Instead, she said she was “completely supportive of the prime minister” – without mentioning Chequers – adding: “I am fully 100 per cent behind the prime minister and we will get the best deal for this country.”
Ms McVey’s dodging of the question echoed the stance taken by Penny Mordaunt, the international development secretary, who has also refused to support the plan, already rejected by the EU.
And it came as the prime minister opened discussions with senior cabinet members, revealing some of the detail of her new proposals to break the deadlock over the Irish border.
The government is also seeking for the backstop to keep the entire UK in the EU’s customs territory, until technology provides a solution to avoid a hard Irish border.
The EU will insist the customs plan is not time-limited – which would anger Brexiteer ministers who fear it will become permanent, and could trigger further resignations.
When first floated in June, the issue was fudged.
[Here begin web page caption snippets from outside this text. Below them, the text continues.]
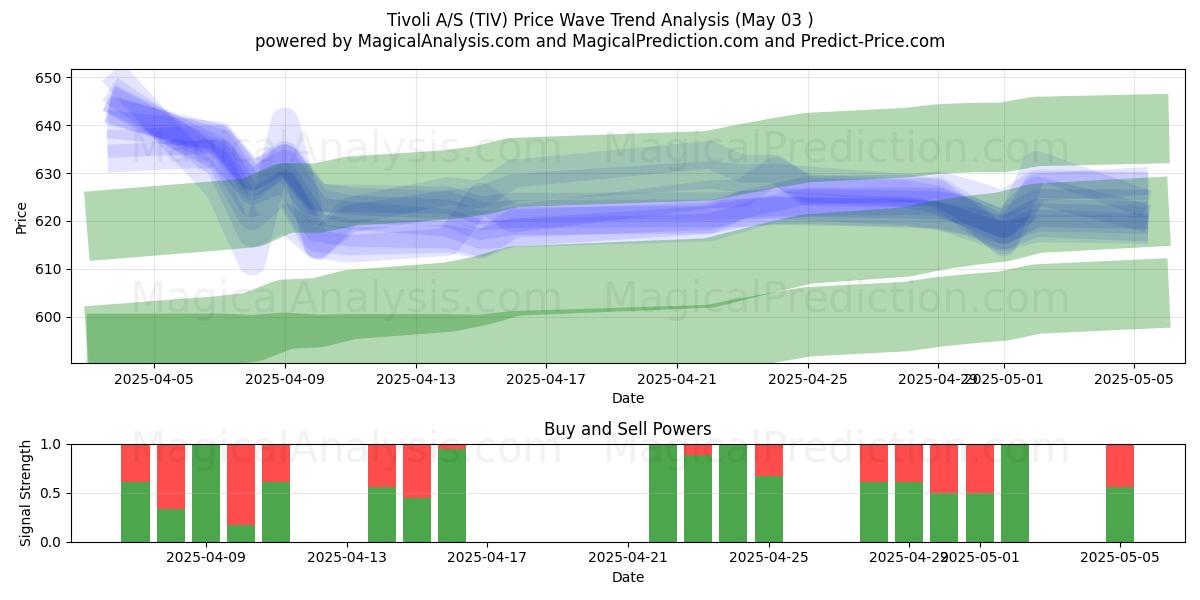 Tivoli A/S (TIV) Support and Resistance area (03 May) Tivoli A/S (TIV) Support and Resistance area (03 May)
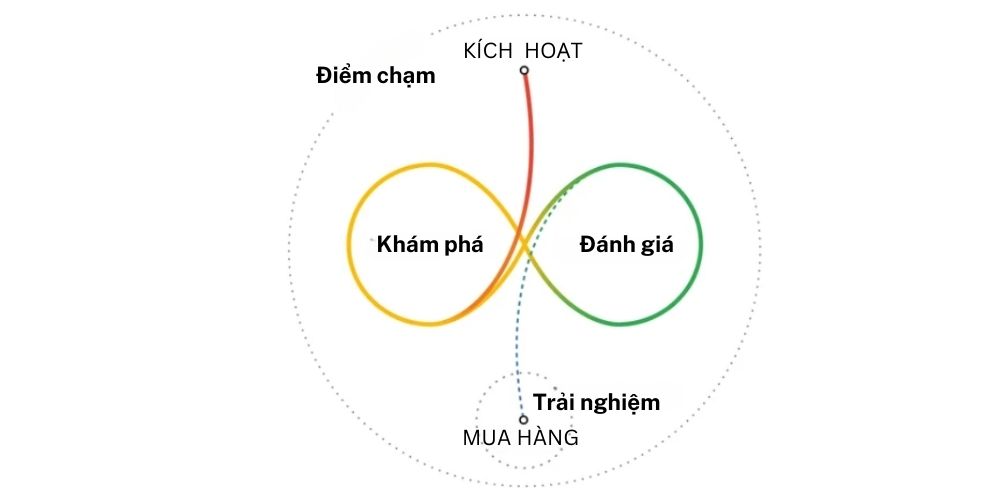 Quá trình mua hàng của người dùng qua nghiên cứu Google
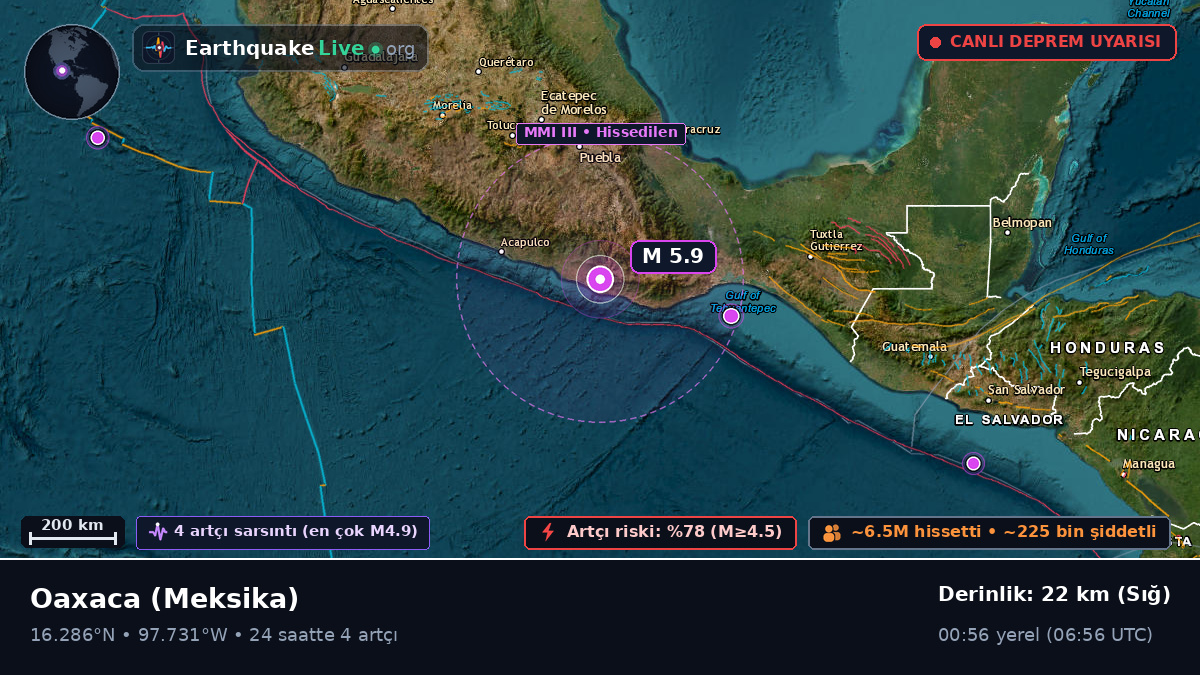 Oaxaca, Meksika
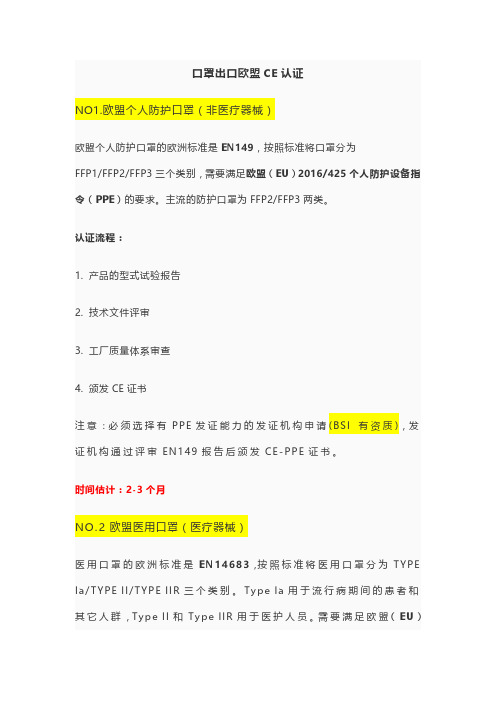 口罩出口欧美要求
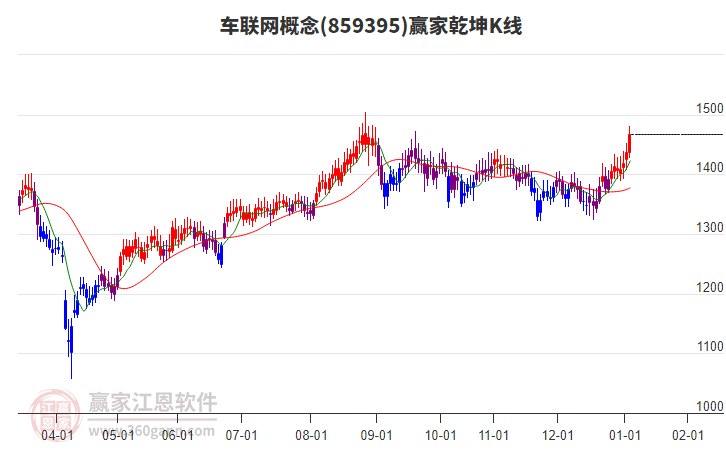 859395車聯(lián)網(wǎng)贏家乾坤K線工具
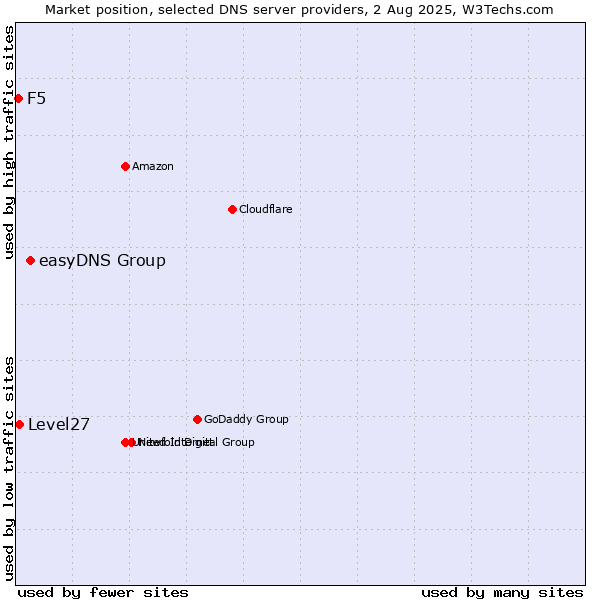 Market position of easyDNS Group vs. Level27 vs. F5
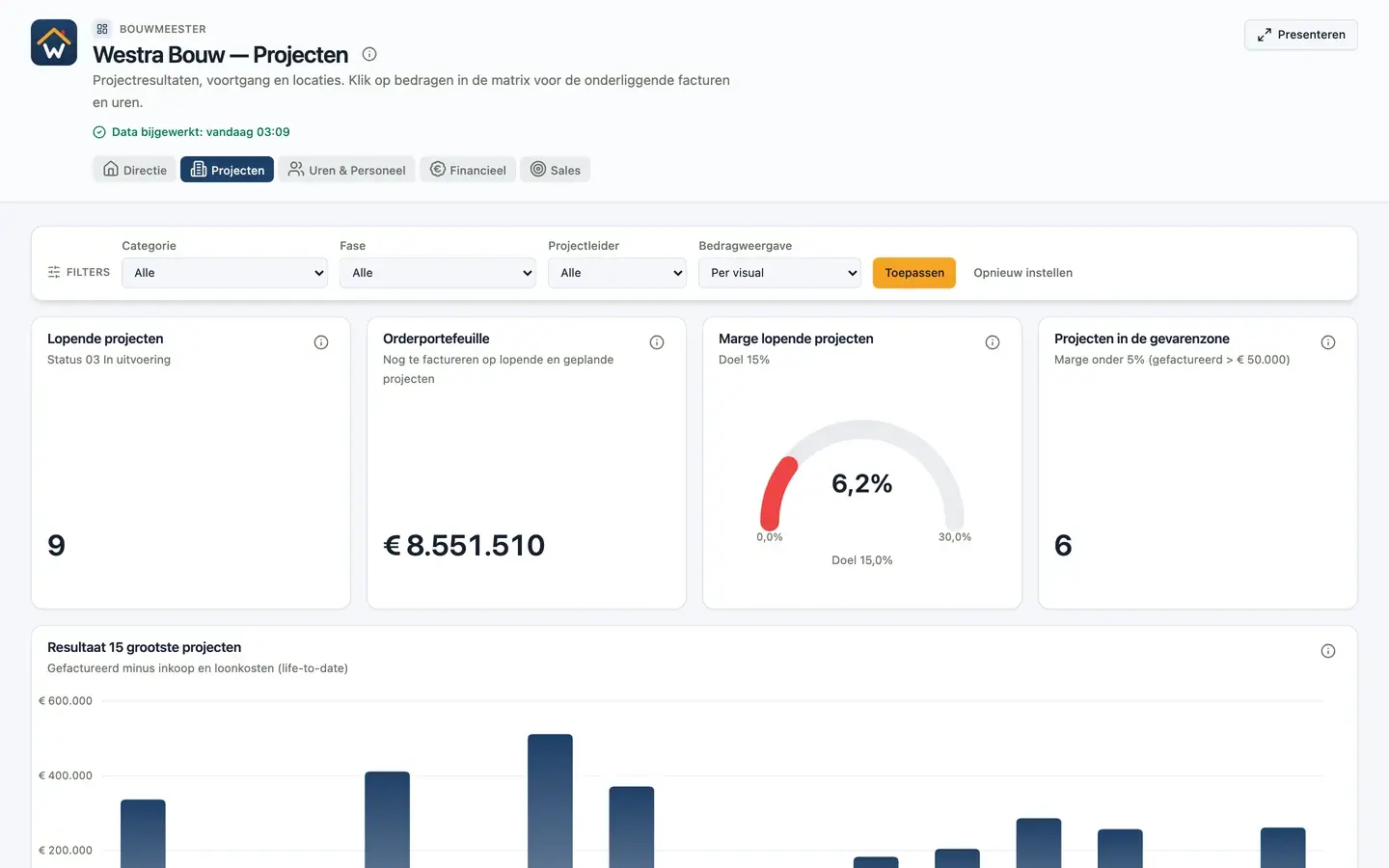 Beispiel eines Projekt-Dashboards mit Auftragsbestand, Projektmarge und Ergebnis je Projekt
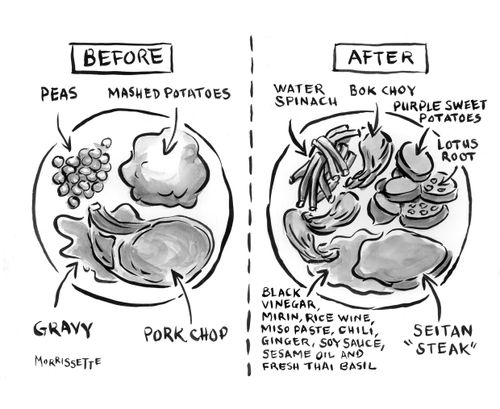 Before/After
A paper said it “should be time-limited”, but that the UK only “expects” an alternative solution to be ready by the end of 2021.
It appeared that the “mini-cabinet” was not being asked to approve detailed proposals because UK officials had failed to make as much progress as hoped with their counterparts in Brussels.
Ms McVey was not one of the cabinet ministers invited to the meeting with the prime minister, prompting suggestions that potential troublemakers had been asked to stay away.
It was held as Ivan Rogers, the UK’s former ambassador to the EU, dismissed the chances of either the Chequers plan, or a looser Canada-style deal advocated by Brexiteers winning favour in Brussels.
Sir Ivan put the chances at “precisely zero”, adding: “The Johnsonian Canada-plus-plus is as big a pipe dream as Chequers. In some respects, rather bigger”
Meanwhile, Sir John Major criticised Tory MPs threatening the prime minister, arguing they were worse than the Eurosceptics that dogged his premiership.
“I have great sympathy for her plight and I think the way she is being treated by some of her colleagues is absolutely outrageous,” he told the BBC’s Political Thinking podcast.
Asked about the “bastards” from his era, he replied: “Their behaviour was pretty intolerable, but not nearly as intolerable as the way the present prime minister is being treated.”
One Conservative MP, Helen Grant, a party vice chairwoman, dismissed the DUP threat, insisting: “I think they’re bluffing.”